- Sire: Sir Leon
- Grandsire: Private Account
- Dam: Spicy Pearl
- Damsire: Bet Big
- Sex: Gelding
- Foaled: 1993
- Country: United States
- Colour: Dark Bay
- Breeder: Dr. Al Smollin
- Owner: Barbara Smollin
- Trainer: Ralph Ziadie
- Record: 71-19-12-14
- Earnings: $2,536,922

Major wins
- Thistledown Handicap (1998) Excelsior Handicap (1998) Skip Away Handicap (1998, 1999, 2002) Cigar Mile Handicap (1998) Metropolitan Handicap (1999) Cornhusker Breeders' Cup Handicap (2000) Texas Mile Stakes (2000) Gulfstream Park Handicap (2001)

= Sir Bear =

American Thoroughbred racehorse

Sir Bear (foaled 1993 in Florida) is a retired American Thoroughbred racehorse who got better as he grew older and raced successfully until retiring at age ten.

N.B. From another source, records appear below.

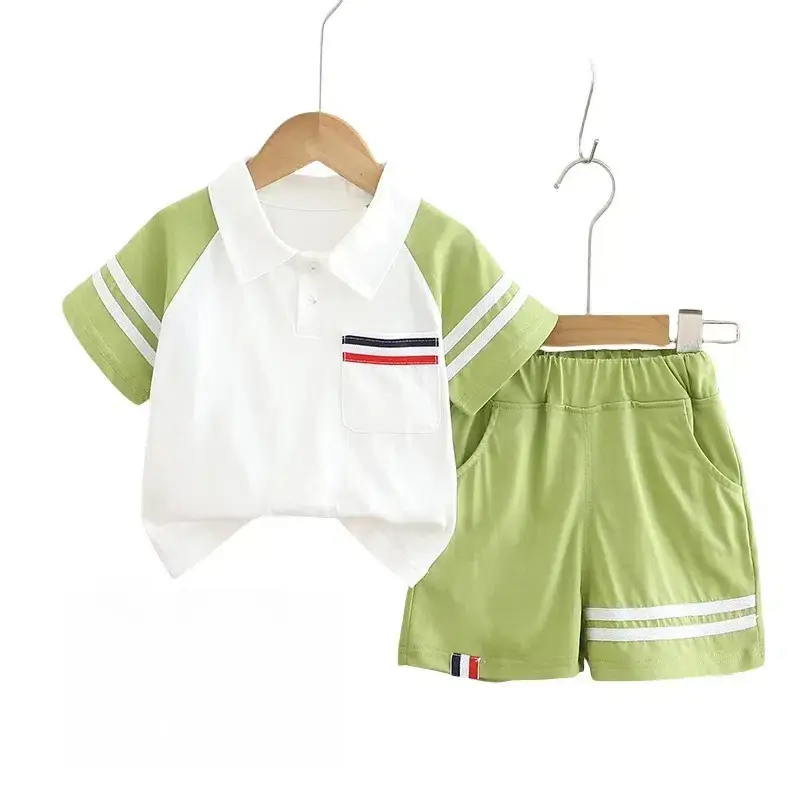 Boy's Navy Polo Shorts Set Summer 5oz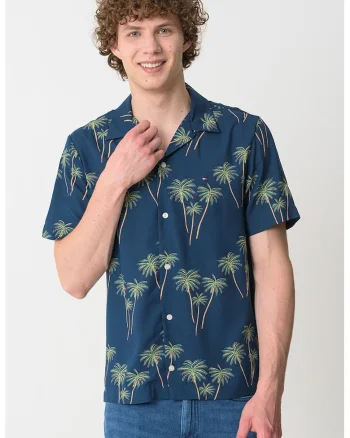 Camasa de modal cu imprimeu tropical, Verde/Albastru inchis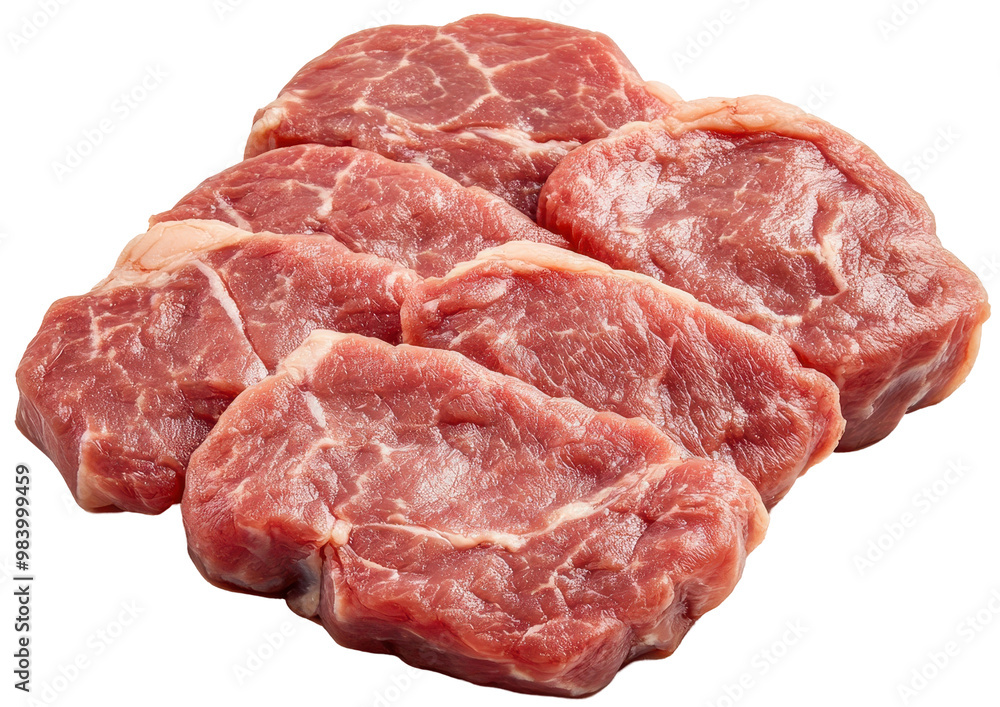 Marbled veal steaks, raw and fresh, isolated on transparent background. Marbled veal steaks, raw and fresh, isolated on transparent background.
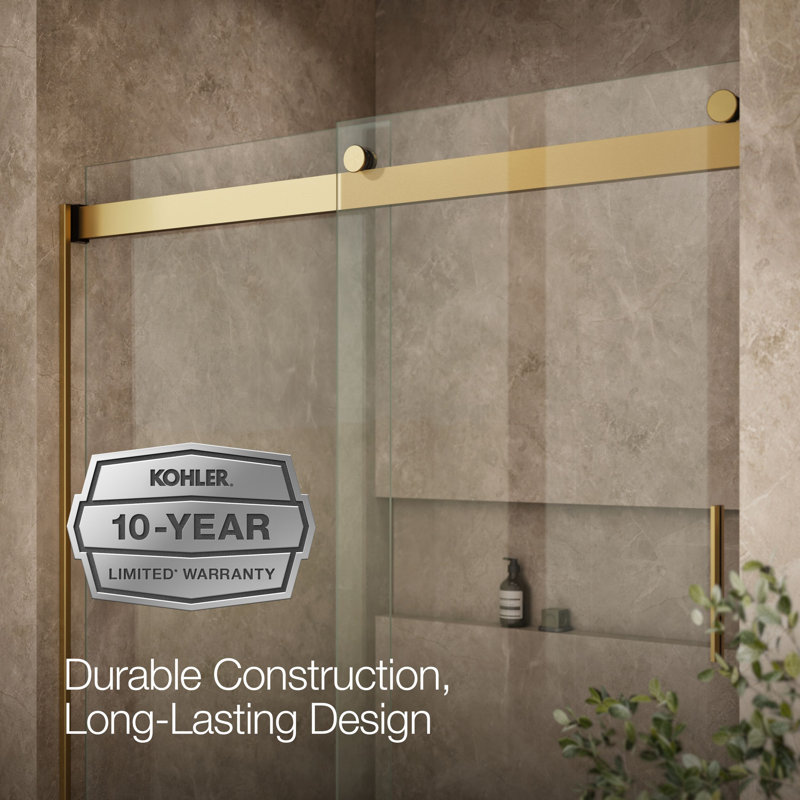 Levity 74" H x 59.63" W Bypass Shower Door with CleanCoat® Technology, Moderne Brass, Crystal Clear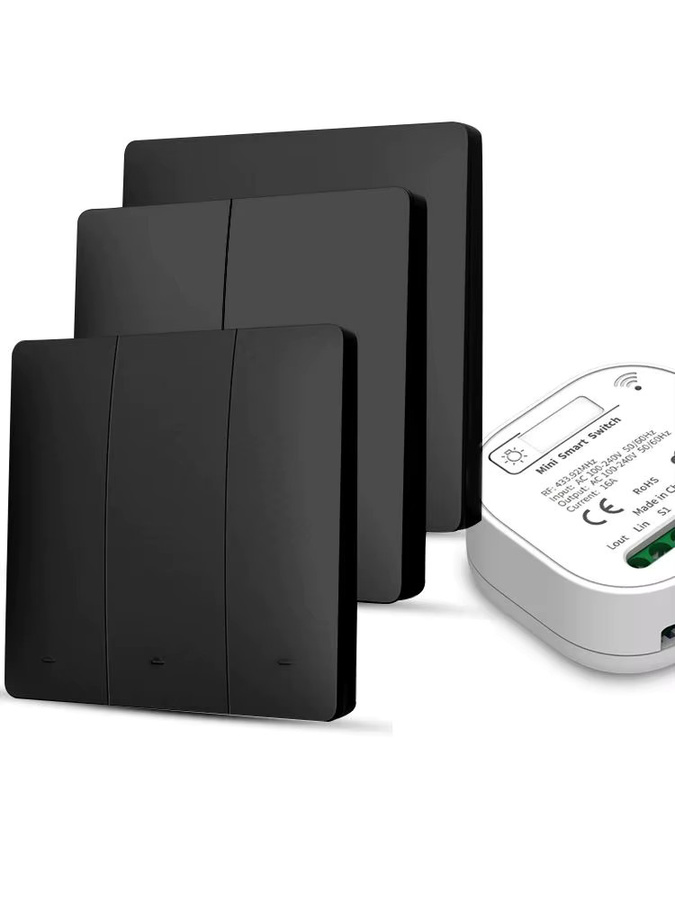 SIXWGH Kabelloses intelligentes Schalter-Set mit 433 MHz Fernbedienung für Wandinstallation im Wohnzimmer oder Außenbereich - Bild 4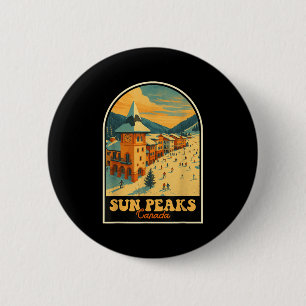 Sun Peaks Canada Vintage Design Retro Ski Village  2 Inch Round Button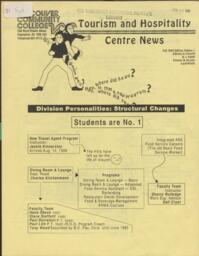 Tourism and Hospitality Centre News Fall 1989 Edition, Volume 1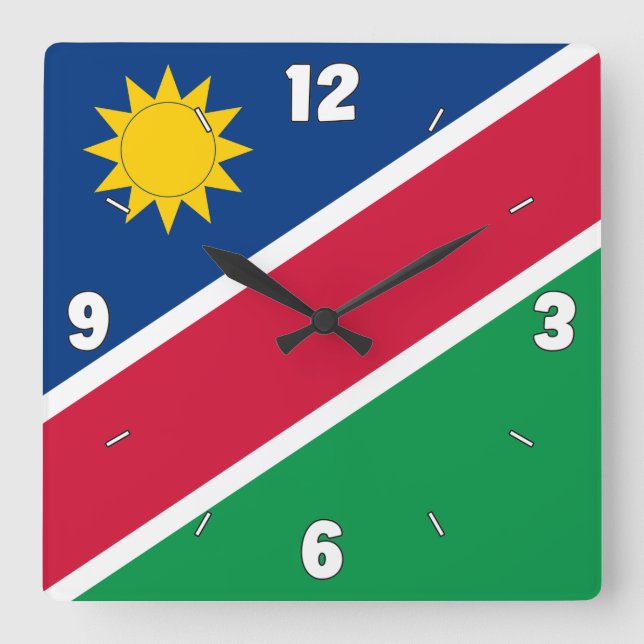 Relógio Quadrado Namibia Flag Red Blue Green White Numbers Patriot (Frente)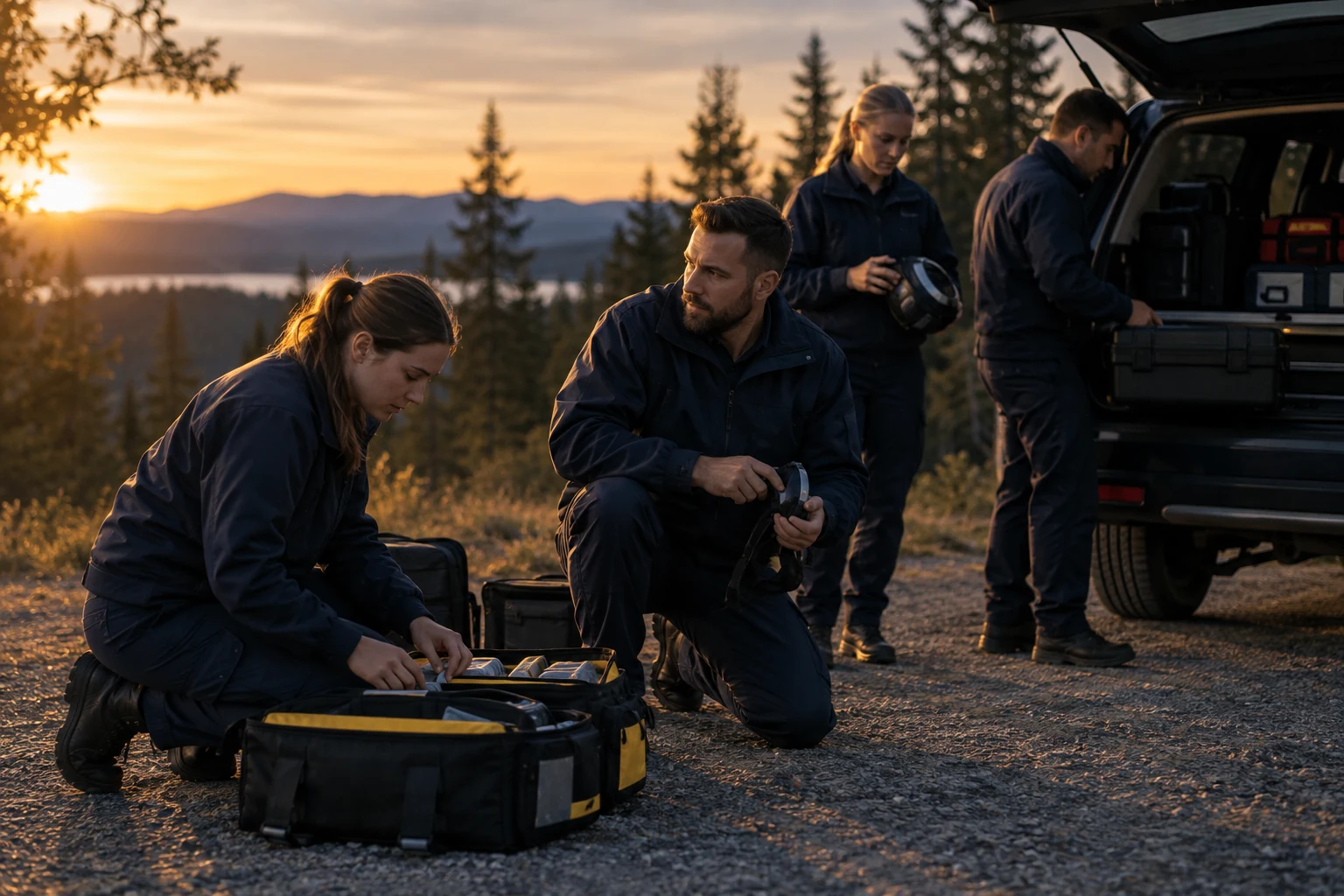 Illustrative scene of responders preparing for a training exercise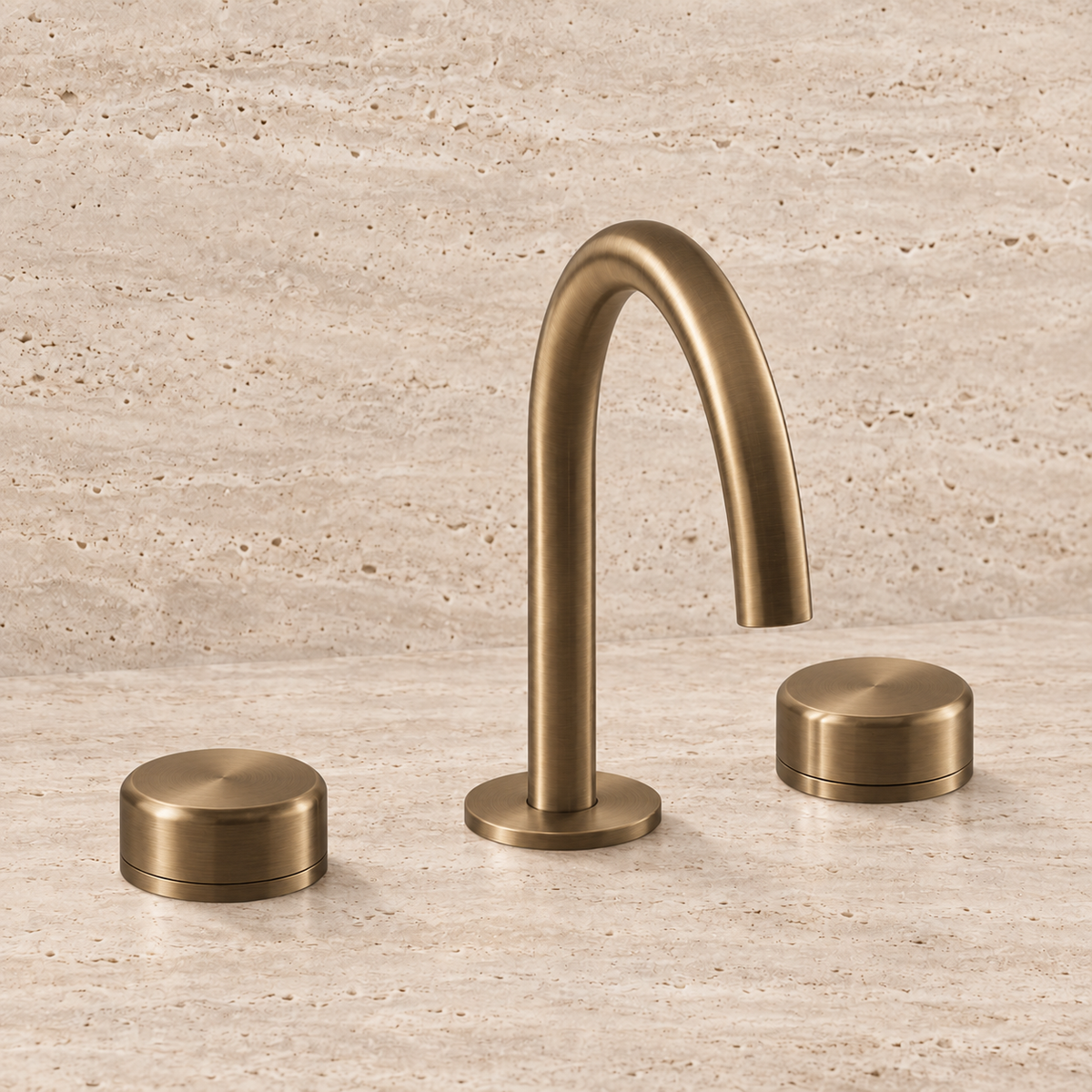 PIETRA CASA | Three-Hole Basin Mixer, Smooth Handle, Central Arch Spout H7.5in (190mm) | $1,722.00 - $2,511.00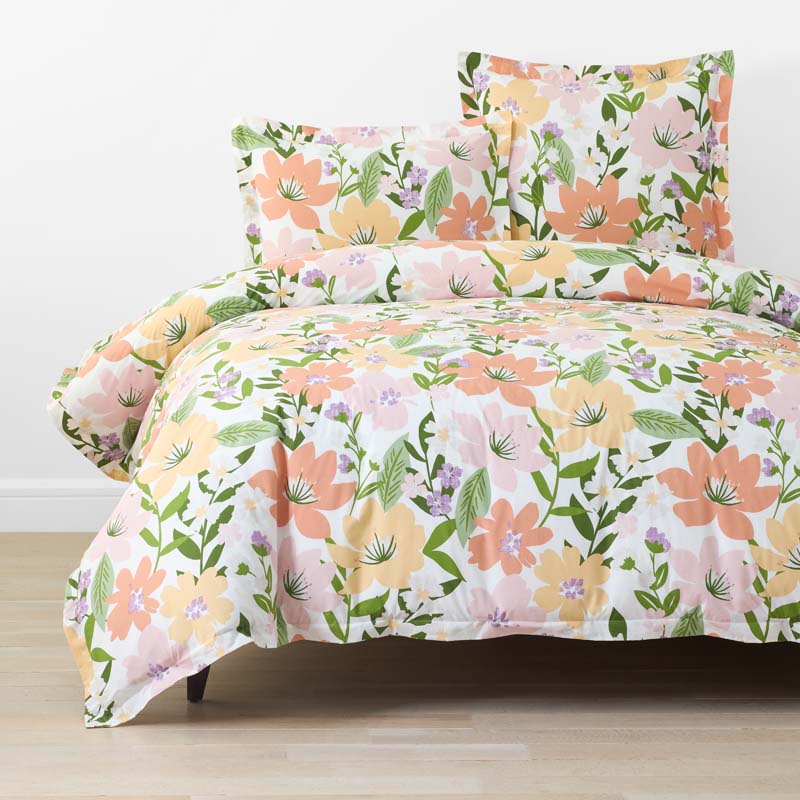 Whimsy Garden Classic Cool Cotton Percale Duvet Cover - Multi, Twin/Twin XL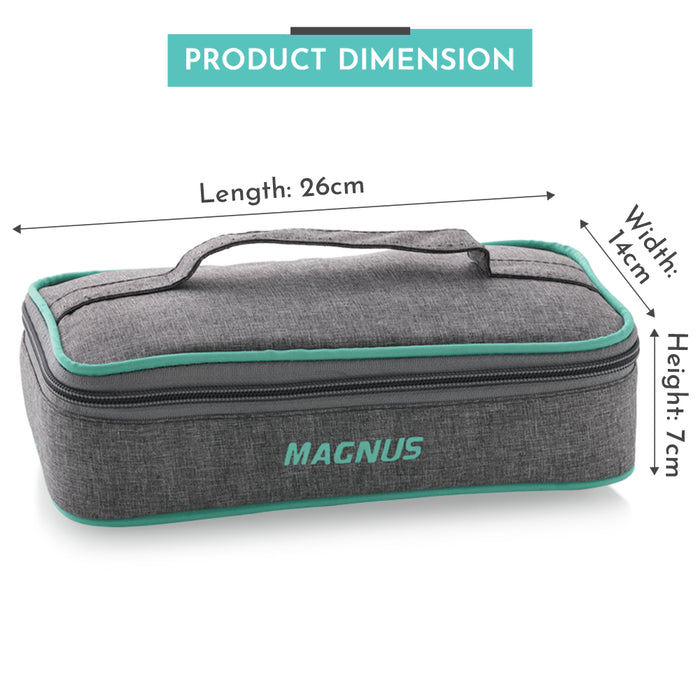 Magnus Glock Linen Glass Lunch Box with Flat Pouch, 2 Square Borosilicate Glass Containers, 640 ML Each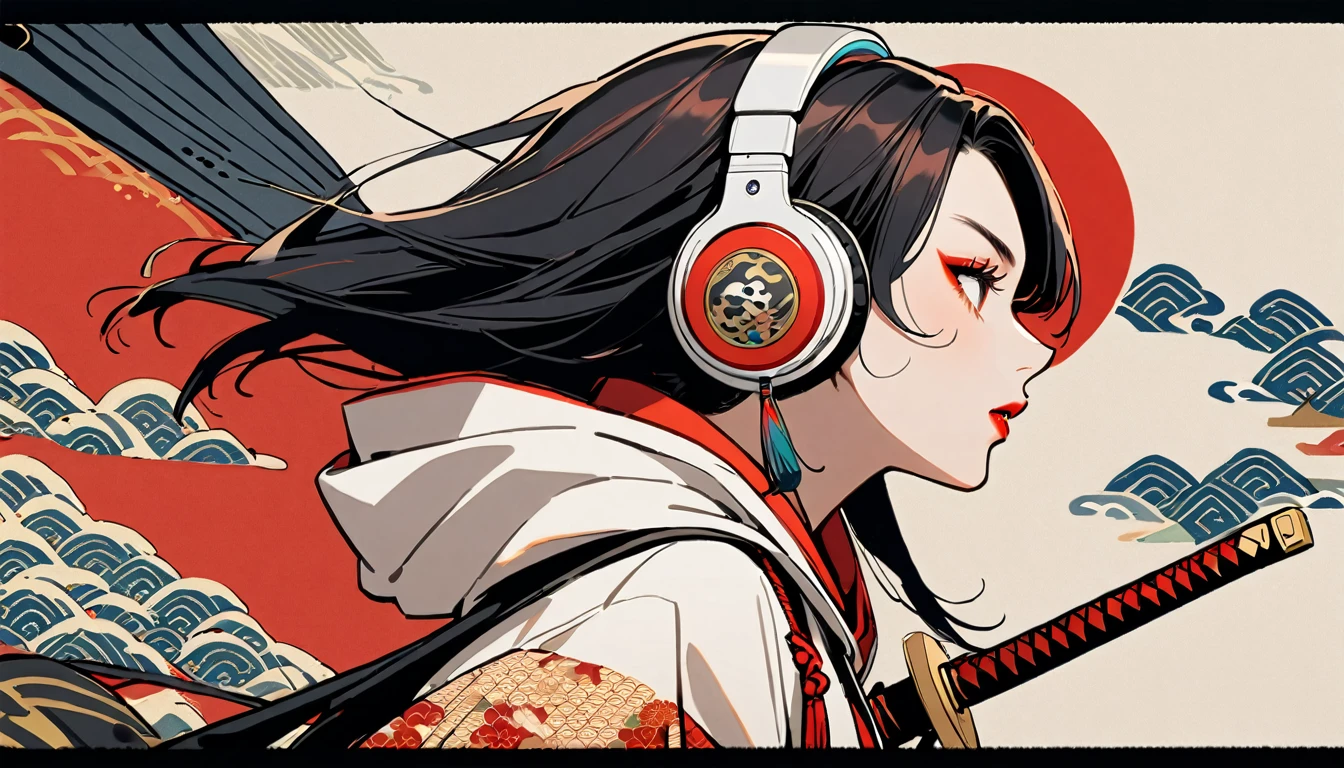 (((1 girl))), (((Flashy makeup))), (((Japanese style headphones))), (((Japanese pattern hoodie))), (((Japanese sword))), (((Female samurai))), Japanese beautiful girl, Black Hair, Delicate and precise, Modern ukiyo-e style, Japanese flag, red and blue neon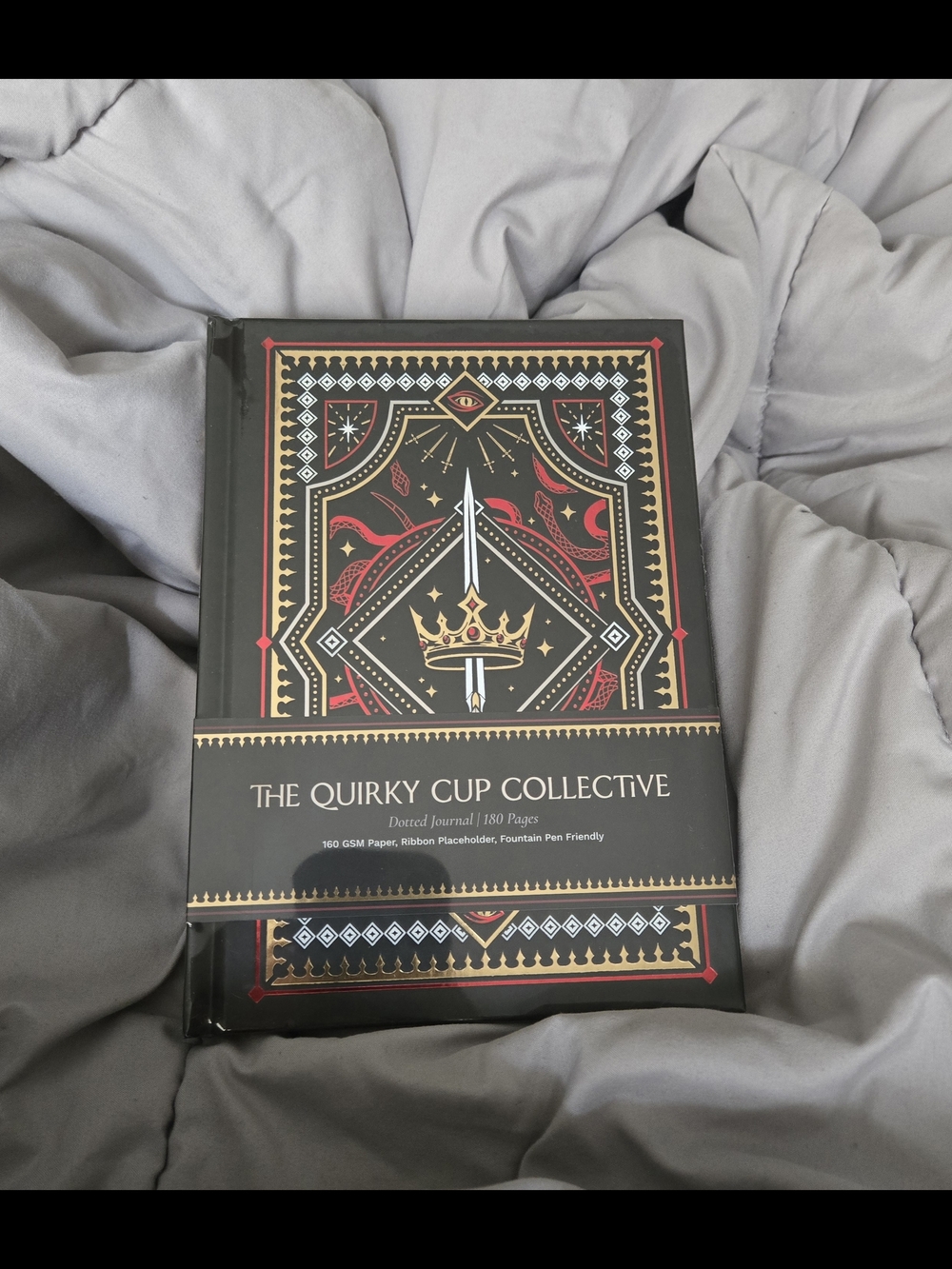 The Quirky Cup Collective Dotted Journal - Black, Gold & Red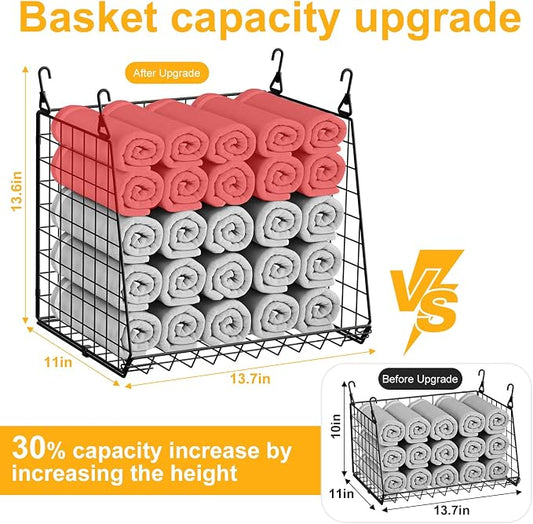 4-Pack Hanging Laundry Room Organizer:Foldable Laundry Room Organizaton Wire Basket with 360°Rotating Hooks Space Saving Over Washer and Dryer Shelves - Metal Laundry Basket Storage, Black Patent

He was bred by Florida veterinarian, Dr. Al Smollin, and raced by his wife, Barbara. He was trained by Jamaica native Ralph Ziadie from a base at Calder Race Course in Miami Gardens.

Sir Bear raced in Florida and also competed at racetracks from Ohio to the East Coast of the United States. A multiple Grade I winner, his victories include the 1998 Cigar Mile Handicap and the 1999 Metropolitan Handicap. In 2002, at age nine, he won his third Skip Away Handicap by defeating Preakness Stakes winner, Red Bullet.

Sir Bear made his last start at age ten on January 25, 2003, in the Sunshine Millions Classic at Gulfstream Park.